La coupe de bois
A mon fils
1er février 1940
Ils étaient quelques uns, avides de chauffage
Qui, moyennant finance, avaient fait héritage
D'un lot d'arbres divers pour éclaircir le bois ;
Pensant que la forêt a besoin de lumière
Elle que la Nature a doté de mystère
Afin que nul ne cherche à discuter ses lois.
Ils étaient quelques uns, incapables d'écrire
Ce qu'un poète heureux, en accordant sa lyre,
Ressent, lorsqu'il chemine en des sentiers perdus.

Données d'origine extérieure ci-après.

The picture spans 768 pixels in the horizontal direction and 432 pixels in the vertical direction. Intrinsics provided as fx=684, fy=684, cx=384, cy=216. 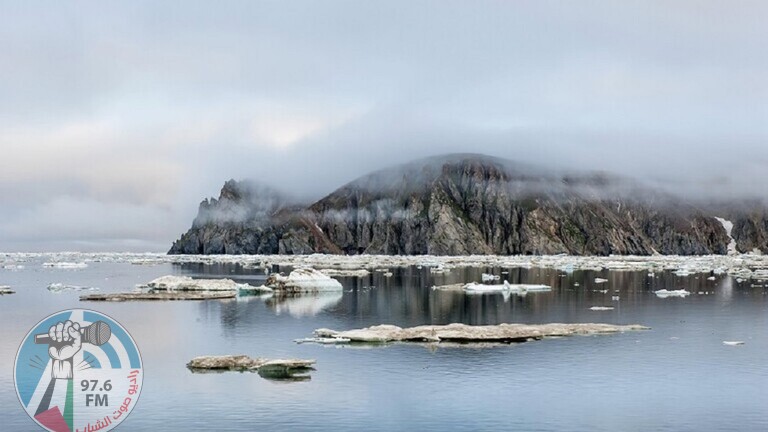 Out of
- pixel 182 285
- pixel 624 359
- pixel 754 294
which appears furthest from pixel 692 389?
pixel 182 285

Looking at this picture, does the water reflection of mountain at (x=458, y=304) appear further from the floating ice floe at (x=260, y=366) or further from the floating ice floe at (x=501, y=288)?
the floating ice floe at (x=260, y=366)

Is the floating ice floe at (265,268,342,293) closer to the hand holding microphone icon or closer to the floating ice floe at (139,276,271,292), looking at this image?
the floating ice floe at (139,276,271,292)

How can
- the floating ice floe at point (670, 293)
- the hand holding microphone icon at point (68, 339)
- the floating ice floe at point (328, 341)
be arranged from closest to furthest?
1. the hand holding microphone icon at point (68, 339)
2. the floating ice floe at point (328, 341)
3. the floating ice floe at point (670, 293)

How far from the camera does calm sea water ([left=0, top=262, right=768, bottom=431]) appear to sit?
30.2m

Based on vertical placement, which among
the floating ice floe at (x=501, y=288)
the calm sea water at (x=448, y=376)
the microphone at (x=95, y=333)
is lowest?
the calm sea water at (x=448, y=376)

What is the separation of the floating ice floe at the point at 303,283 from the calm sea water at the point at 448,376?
1626cm

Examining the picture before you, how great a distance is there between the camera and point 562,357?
43.1 m

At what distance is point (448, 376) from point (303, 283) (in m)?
50.7

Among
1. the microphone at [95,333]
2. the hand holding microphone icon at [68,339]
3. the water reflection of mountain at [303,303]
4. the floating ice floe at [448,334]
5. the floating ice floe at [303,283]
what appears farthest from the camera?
the floating ice floe at [303,283]

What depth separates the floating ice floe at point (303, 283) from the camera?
86.8 meters

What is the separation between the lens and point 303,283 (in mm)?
86625

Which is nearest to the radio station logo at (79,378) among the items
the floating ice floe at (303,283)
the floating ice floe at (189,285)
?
the floating ice floe at (303,283)

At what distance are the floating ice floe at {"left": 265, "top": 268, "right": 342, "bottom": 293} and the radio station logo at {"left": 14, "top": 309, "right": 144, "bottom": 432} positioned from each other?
4385cm

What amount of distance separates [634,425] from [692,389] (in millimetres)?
8269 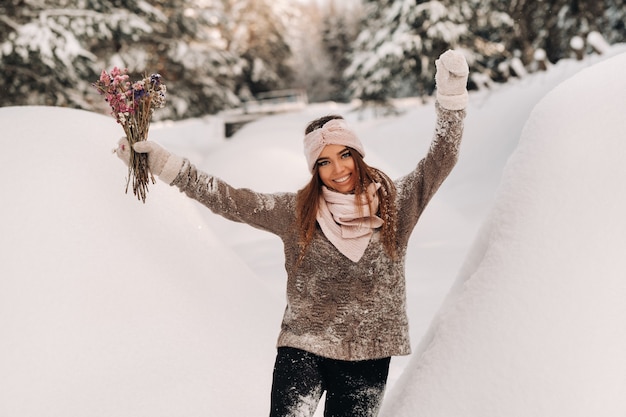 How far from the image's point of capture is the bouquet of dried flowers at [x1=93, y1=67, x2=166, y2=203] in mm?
1917

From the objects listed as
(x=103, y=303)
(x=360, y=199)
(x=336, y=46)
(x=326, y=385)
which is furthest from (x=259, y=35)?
(x=326, y=385)

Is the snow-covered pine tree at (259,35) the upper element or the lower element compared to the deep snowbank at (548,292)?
lower

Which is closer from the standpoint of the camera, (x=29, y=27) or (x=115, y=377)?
(x=115, y=377)

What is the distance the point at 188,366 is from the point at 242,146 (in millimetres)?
6874

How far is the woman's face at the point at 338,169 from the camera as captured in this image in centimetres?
198

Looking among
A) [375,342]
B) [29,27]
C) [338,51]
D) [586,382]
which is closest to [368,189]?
[375,342]

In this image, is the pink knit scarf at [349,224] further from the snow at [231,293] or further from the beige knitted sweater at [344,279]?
the snow at [231,293]

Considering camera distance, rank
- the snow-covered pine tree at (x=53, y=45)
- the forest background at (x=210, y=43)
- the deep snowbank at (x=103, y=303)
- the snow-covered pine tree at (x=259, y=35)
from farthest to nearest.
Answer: the snow-covered pine tree at (x=259, y=35), the forest background at (x=210, y=43), the snow-covered pine tree at (x=53, y=45), the deep snowbank at (x=103, y=303)

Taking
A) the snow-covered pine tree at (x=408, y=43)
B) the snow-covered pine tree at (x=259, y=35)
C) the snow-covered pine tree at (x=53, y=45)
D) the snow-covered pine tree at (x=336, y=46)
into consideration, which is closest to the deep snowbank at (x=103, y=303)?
the snow-covered pine tree at (x=53, y=45)

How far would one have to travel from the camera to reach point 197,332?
8.88 feet

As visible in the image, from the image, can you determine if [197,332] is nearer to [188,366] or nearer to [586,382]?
[188,366]

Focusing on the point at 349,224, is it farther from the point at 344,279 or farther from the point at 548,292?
the point at 548,292

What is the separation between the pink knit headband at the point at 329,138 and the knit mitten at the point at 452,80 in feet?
0.97

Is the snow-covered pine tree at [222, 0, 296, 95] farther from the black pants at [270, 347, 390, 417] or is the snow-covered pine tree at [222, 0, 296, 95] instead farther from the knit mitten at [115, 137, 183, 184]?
the black pants at [270, 347, 390, 417] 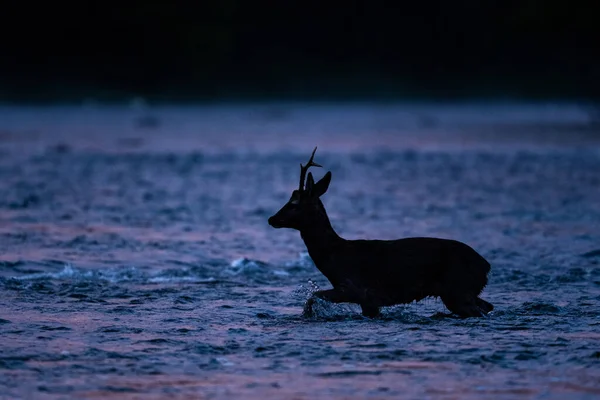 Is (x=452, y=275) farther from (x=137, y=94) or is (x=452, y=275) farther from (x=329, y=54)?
(x=329, y=54)

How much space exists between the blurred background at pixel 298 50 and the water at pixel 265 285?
69.4 metres

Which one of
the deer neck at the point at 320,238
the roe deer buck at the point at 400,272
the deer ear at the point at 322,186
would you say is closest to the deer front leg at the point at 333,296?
the roe deer buck at the point at 400,272

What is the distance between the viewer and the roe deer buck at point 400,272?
11969 mm

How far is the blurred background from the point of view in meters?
108

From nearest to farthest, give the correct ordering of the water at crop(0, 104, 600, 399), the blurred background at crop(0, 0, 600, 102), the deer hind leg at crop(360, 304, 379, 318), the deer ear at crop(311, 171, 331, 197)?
1. the water at crop(0, 104, 600, 399)
2. the deer hind leg at crop(360, 304, 379, 318)
3. the deer ear at crop(311, 171, 331, 197)
4. the blurred background at crop(0, 0, 600, 102)

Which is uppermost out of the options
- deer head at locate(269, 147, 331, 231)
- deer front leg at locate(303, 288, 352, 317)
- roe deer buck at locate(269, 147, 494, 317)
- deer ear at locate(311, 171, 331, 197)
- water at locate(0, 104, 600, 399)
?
deer ear at locate(311, 171, 331, 197)

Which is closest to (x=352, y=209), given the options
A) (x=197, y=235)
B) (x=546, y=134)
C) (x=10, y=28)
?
(x=197, y=235)

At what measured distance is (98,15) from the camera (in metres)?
121

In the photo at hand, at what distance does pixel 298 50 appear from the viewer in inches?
4641

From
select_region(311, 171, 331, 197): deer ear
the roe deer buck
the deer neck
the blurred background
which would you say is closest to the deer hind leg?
the roe deer buck

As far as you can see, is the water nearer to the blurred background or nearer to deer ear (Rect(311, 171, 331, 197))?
deer ear (Rect(311, 171, 331, 197))

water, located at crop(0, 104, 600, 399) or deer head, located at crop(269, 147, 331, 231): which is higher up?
deer head, located at crop(269, 147, 331, 231)

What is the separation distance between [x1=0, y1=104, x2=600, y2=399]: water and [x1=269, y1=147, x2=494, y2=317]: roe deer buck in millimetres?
233

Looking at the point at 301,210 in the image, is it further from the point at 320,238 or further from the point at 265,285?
the point at 265,285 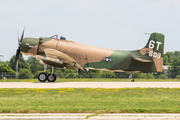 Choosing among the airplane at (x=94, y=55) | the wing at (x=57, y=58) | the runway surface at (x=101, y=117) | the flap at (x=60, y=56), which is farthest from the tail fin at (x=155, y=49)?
the runway surface at (x=101, y=117)

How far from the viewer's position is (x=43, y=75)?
28.6 metres

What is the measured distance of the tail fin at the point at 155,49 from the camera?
2995 cm

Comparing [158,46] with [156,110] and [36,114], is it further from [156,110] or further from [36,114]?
[36,114]

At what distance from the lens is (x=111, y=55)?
29922 millimetres

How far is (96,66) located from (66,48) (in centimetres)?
Result: 397

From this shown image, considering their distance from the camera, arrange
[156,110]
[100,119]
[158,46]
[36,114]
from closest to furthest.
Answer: [100,119] → [36,114] → [156,110] → [158,46]

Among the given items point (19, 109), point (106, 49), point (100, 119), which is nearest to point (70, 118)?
point (100, 119)

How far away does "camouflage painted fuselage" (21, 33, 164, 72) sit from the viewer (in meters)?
29.1

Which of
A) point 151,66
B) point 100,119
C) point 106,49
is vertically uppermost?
point 106,49

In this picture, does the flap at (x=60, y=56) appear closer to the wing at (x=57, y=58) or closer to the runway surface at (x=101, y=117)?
the wing at (x=57, y=58)

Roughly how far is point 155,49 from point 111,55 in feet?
16.7

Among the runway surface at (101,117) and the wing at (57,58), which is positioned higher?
the wing at (57,58)

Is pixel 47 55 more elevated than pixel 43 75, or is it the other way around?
pixel 47 55

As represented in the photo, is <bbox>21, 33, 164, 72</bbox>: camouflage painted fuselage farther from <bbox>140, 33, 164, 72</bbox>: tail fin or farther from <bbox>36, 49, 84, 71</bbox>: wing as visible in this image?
<bbox>36, 49, 84, 71</bbox>: wing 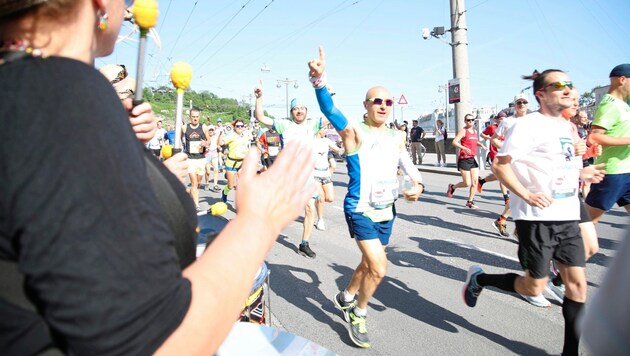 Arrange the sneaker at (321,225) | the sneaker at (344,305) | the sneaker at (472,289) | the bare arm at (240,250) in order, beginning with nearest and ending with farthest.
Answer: the bare arm at (240,250)
the sneaker at (344,305)
the sneaker at (472,289)
the sneaker at (321,225)

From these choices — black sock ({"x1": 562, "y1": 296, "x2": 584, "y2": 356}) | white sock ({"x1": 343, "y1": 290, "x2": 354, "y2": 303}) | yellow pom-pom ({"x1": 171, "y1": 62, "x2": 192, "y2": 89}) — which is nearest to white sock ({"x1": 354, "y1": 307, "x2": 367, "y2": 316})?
white sock ({"x1": 343, "y1": 290, "x2": 354, "y2": 303})

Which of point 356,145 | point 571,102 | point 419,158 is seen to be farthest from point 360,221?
point 419,158

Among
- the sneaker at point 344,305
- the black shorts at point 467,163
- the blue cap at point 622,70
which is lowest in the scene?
the sneaker at point 344,305

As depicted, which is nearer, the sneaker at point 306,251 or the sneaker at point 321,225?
the sneaker at point 306,251

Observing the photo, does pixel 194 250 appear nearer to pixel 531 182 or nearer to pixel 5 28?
pixel 5 28

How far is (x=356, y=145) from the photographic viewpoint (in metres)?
3.44

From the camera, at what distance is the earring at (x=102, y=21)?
0.82 meters

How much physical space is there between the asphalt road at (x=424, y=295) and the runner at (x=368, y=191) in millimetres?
295

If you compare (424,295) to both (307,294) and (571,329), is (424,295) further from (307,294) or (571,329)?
(571,329)

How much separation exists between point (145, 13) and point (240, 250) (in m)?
0.67

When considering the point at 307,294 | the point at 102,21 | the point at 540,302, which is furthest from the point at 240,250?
the point at 540,302

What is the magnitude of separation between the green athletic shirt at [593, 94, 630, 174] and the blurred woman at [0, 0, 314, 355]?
4563 millimetres

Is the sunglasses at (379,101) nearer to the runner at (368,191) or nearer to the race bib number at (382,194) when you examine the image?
the runner at (368,191)

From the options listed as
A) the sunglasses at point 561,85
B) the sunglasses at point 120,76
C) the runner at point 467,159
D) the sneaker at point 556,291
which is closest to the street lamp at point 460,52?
the runner at point 467,159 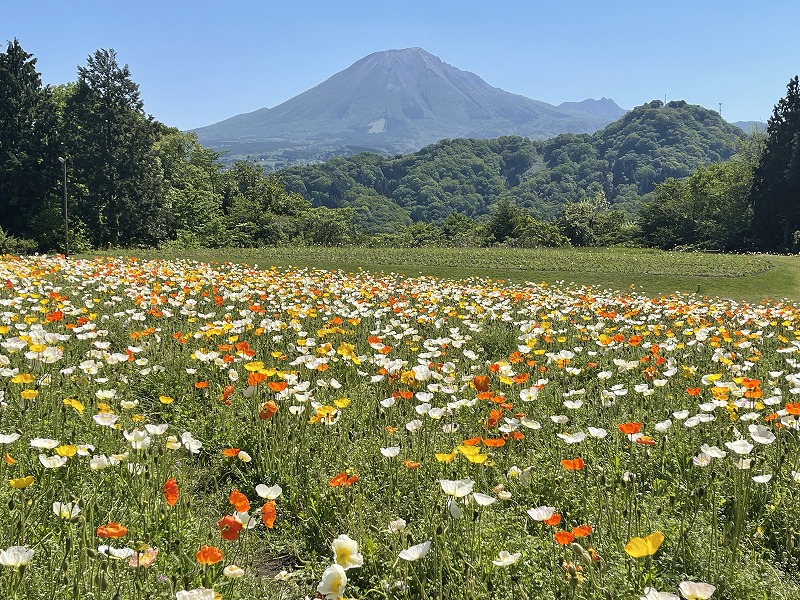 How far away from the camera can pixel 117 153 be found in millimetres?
39375

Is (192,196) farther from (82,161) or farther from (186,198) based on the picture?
(82,161)

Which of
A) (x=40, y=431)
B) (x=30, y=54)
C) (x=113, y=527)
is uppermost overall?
(x=30, y=54)

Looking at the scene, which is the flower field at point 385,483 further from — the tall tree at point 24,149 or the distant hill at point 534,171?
the distant hill at point 534,171

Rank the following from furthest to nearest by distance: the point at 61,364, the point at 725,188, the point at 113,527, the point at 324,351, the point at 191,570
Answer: the point at 725,188 < the point at 61,364 < the point at 324,351 < the point at 191,570 < the point at 113,527

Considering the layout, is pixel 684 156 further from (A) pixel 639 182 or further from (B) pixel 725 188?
(B) pixel 725 188

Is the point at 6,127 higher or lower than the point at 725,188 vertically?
higher

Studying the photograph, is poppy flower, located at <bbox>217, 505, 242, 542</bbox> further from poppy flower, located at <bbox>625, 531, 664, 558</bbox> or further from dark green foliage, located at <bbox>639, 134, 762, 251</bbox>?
dark green foliage, located at <bbox>639, 134, 762, 251</bbox>

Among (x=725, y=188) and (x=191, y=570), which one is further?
(x=725, y=188)

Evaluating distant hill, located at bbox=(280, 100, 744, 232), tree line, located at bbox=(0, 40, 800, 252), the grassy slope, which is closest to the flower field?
the grassy slope

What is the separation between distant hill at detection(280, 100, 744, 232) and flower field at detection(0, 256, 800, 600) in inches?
4668

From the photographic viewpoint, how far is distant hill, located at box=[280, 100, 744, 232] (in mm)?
139250

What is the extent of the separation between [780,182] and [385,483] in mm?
49498

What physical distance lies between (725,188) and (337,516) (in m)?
55.2

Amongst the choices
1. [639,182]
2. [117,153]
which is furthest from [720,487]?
[639,182] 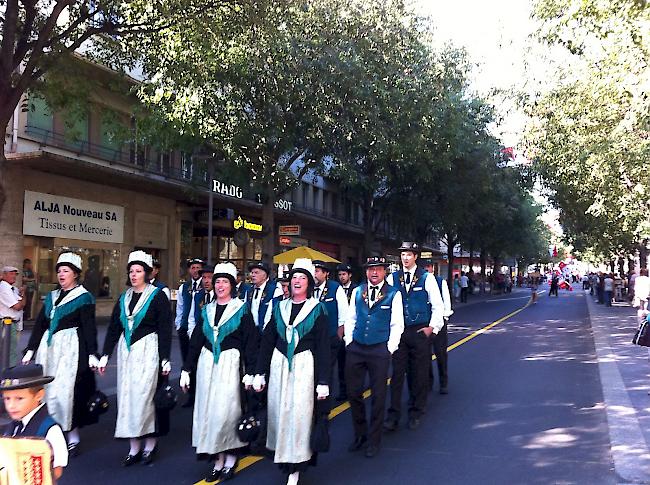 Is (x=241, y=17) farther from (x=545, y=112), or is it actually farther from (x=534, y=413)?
(x=545, y=112)

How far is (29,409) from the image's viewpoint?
3.13 meters

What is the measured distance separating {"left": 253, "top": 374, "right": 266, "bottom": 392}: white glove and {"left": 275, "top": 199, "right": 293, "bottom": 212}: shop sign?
23.1 m

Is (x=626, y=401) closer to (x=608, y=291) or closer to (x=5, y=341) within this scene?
(x=5, y=341)

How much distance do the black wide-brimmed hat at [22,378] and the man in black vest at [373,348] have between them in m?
3.49

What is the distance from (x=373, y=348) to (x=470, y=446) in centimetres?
146

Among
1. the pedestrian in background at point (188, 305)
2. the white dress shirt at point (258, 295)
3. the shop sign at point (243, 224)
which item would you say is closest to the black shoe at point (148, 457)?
the white dress shirt at point (258, 295)

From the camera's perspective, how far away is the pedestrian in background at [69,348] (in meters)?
5.95

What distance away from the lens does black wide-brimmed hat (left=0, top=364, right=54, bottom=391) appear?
3.08 meters

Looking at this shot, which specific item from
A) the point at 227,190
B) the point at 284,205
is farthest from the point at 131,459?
the point at 284,205

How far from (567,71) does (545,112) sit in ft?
11.0

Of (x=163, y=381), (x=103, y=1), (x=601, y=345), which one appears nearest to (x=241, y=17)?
(x=103, y=1)

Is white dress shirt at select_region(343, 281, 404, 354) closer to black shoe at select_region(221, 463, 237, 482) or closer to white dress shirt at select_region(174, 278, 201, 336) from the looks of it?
black shoe at select_region(221, 463, 237, 482)

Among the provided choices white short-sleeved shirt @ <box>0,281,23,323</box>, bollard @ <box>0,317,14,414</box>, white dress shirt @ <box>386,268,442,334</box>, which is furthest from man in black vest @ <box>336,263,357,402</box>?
white short-sleeved shirt @ <box>0,281,23,323</box>

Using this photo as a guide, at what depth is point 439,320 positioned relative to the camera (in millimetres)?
7754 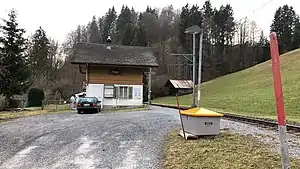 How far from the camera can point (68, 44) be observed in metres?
71.7

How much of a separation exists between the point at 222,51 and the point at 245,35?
8870 mm

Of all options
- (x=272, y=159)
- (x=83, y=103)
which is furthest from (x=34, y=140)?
(x=83, y=103)

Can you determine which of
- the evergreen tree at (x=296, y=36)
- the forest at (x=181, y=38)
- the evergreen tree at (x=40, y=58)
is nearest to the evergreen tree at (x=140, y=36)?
the forest at (x=181, y=38)

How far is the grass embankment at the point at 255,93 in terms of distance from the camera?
3212 centimetres

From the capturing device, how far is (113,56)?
124 ft

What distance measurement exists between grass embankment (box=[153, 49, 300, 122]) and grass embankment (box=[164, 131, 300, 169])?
1463 cm

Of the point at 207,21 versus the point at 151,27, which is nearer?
the point at 207,21

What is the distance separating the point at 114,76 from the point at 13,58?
11.1m

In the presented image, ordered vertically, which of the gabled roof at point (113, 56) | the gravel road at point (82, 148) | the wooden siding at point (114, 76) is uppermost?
the gabled roof at point (113, 56)

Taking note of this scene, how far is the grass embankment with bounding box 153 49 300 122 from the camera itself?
32.1 metres

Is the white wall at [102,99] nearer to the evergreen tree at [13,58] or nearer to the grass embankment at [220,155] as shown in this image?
the evergreen tree at [13,58]

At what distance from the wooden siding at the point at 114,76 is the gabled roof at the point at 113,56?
0.79 meters

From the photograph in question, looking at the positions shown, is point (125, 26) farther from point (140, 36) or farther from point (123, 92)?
point (123, 92)

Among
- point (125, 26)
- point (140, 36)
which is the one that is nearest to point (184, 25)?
point (140, 36) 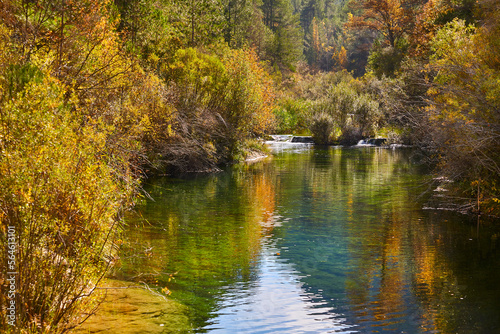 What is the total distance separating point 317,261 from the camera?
15094 mm

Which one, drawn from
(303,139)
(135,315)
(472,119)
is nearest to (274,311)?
(135,315)

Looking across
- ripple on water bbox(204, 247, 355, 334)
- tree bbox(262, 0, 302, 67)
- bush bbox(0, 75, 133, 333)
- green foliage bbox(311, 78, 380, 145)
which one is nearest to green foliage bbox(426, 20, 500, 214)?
ripple on water bbox(204, 247, 355, 334)

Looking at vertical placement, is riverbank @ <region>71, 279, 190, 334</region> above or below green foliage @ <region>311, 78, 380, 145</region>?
below

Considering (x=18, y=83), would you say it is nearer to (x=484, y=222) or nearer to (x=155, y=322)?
(x=155, y=322)

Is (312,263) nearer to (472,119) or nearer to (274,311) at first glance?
(274,311)

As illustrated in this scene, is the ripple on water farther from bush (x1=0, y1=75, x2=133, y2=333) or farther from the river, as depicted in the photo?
bush (x1=0, y1=75, x2=133, y2=333)

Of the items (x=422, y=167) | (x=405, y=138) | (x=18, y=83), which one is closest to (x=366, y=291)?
(x=18, y=83)

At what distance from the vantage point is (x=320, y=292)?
12461 mm

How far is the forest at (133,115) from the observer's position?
7816 millimetres

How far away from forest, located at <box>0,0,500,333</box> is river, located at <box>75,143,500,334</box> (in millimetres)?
1729

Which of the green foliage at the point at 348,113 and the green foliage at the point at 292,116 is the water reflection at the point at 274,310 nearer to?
the green foliage at the point at 348,113

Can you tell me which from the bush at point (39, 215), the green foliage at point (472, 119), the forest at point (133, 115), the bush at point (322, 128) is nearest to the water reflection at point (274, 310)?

Lorsque le doux Printemps aux branches frémissantes
Attache des points verts ; car, de sève, haletantes
Des feuilles font appel aux bonheurs attendus.
Méprisant le décor aux couleurs séduisantes ;
Foulant du pied la mousse et les tiges naissantes
L'acquéreur satisfait est venu contempler
Le nombre et la grandeur des futures victimes.
Fier d'avoir perpétré la valeur de ses crimes,
Il s'est mis à l'ouvrage, un matin, sans trembler.
Il semblait se griser du bruit sourd de la hache
Et quand un arbrisseau tombait, d'un air bravache,
Avec une serpette il coupait ses rameaux.
J'aurais voulu crier à ce tyran sans âme :
Tu parais ignorer que détruire est infâme ;
Si tu n'es pas ingrat pense aux petits oiseaux.
C'est là qu'ils composaient leurs chansons printanières.
Tous ces taillis épais figuraient leurs volières,
Cages sans une porte où briser leur essor.
Et si tu veux me croire, arrête ton ouvrage
Ecoute et comprends bien la parole du sage.
Un gazouillis joyeux vaut mieux qu'un bruit de l'or.
Mais les chênes géants, les orgueilleux platanes
Dirent au bûcheron : laisse tes mains profanes.
Pars vers des lieux moins beaux gaspiller tes efforts.
Peut-être, plus que toi, nous tenons à la vie.
Si, de nous attaquer il te prenait envie
Attends, tu sauras mieux, lorsque nous serons morts.